Provided data Block Start

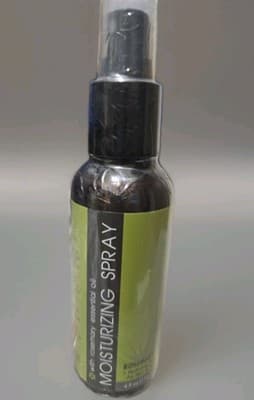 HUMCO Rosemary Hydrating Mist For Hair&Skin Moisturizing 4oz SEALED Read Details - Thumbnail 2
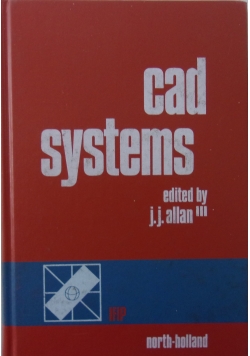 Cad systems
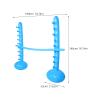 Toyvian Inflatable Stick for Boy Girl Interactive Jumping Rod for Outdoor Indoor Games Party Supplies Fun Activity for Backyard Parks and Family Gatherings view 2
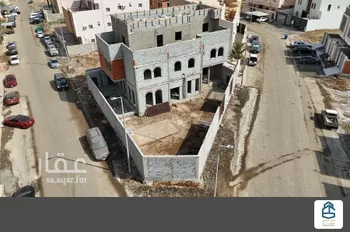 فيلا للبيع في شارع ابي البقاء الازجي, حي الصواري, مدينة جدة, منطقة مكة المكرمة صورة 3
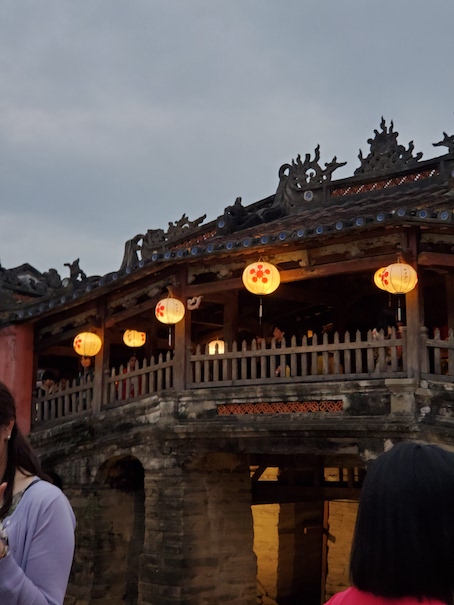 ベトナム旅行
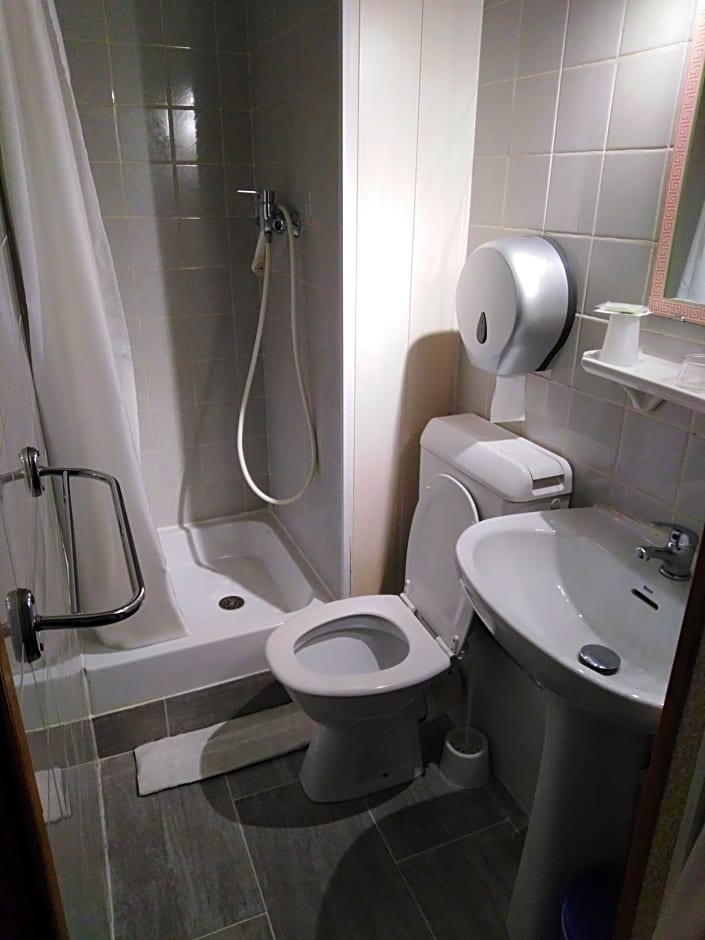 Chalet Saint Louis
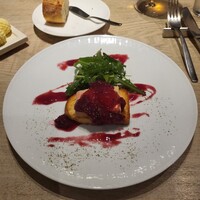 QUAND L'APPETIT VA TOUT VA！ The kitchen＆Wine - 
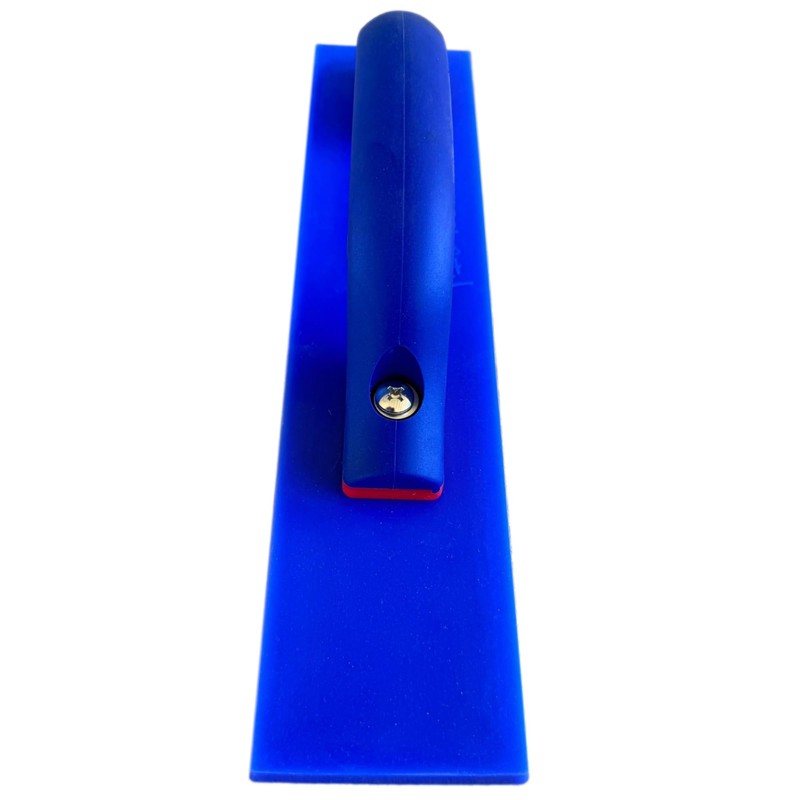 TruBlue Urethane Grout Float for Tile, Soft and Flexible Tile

Provided data Block End
Provided data Block Start

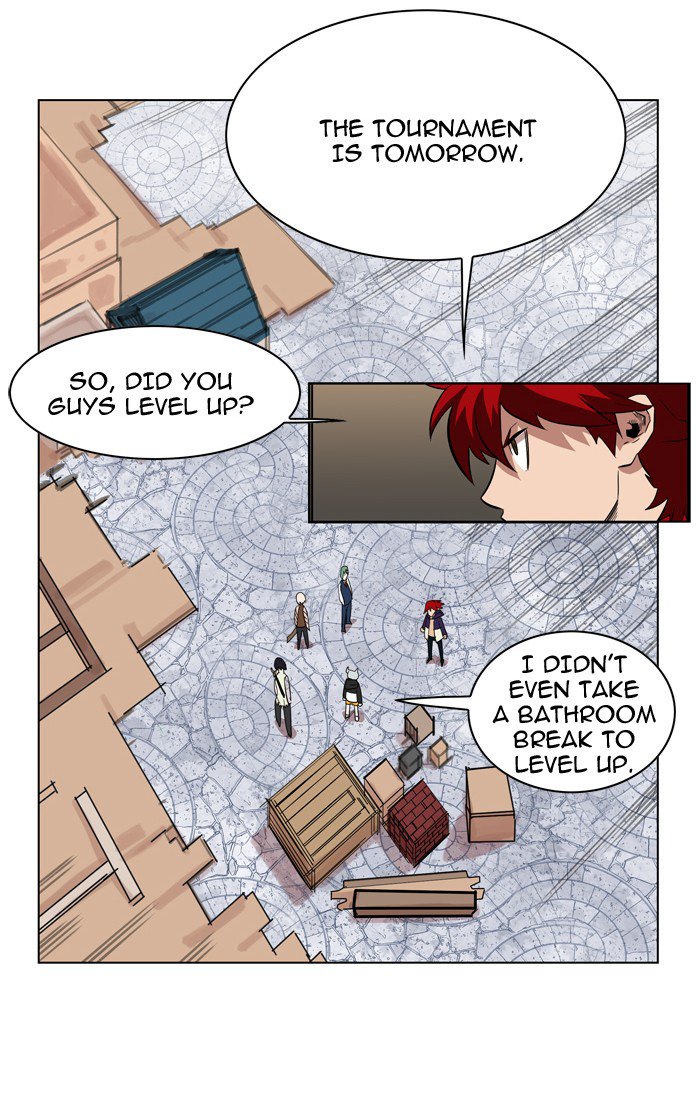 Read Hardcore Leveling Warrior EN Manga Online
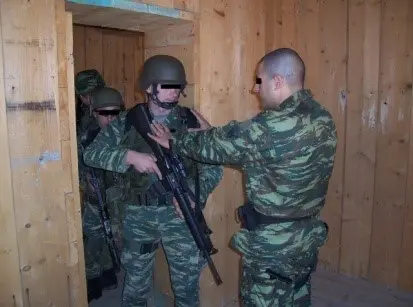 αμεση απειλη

Provided data Block End

## Exercise objective
In the records above, find the line with "HUMCO Rosemary Hydrating" and the line with "TruBlue Urethane Grout"; please transcribe exactly those two lines and all lines between them, omitting any picture.

## Answer to this exercise
 HUMCO Rosemary Hydrating Mist For Hair&Skin Moisturizing 4oz SEALED Read Details - Thumbnail 2
 Cad systems
 Toyvian Inflatable Stick for Boy Girl Interactive Jumping Rod for Outdoor Indoor Games Party Supplies Fun Activity for Backyard Parks and Family Gatherings view 2
 فيلا للبيع في شارع ابي البقاء الازجي, حي الصواري, مدينة جدة, منطقة مكة المكرمة صورة 3
 ベトナム旅行
 Chalet Saint Louis
 QUAND L'APPETIT VA TOUT VA！ The kitchen＆Wine - 
 TruBlue Urethane Grout Float for Tile, Soft and Flexible Tile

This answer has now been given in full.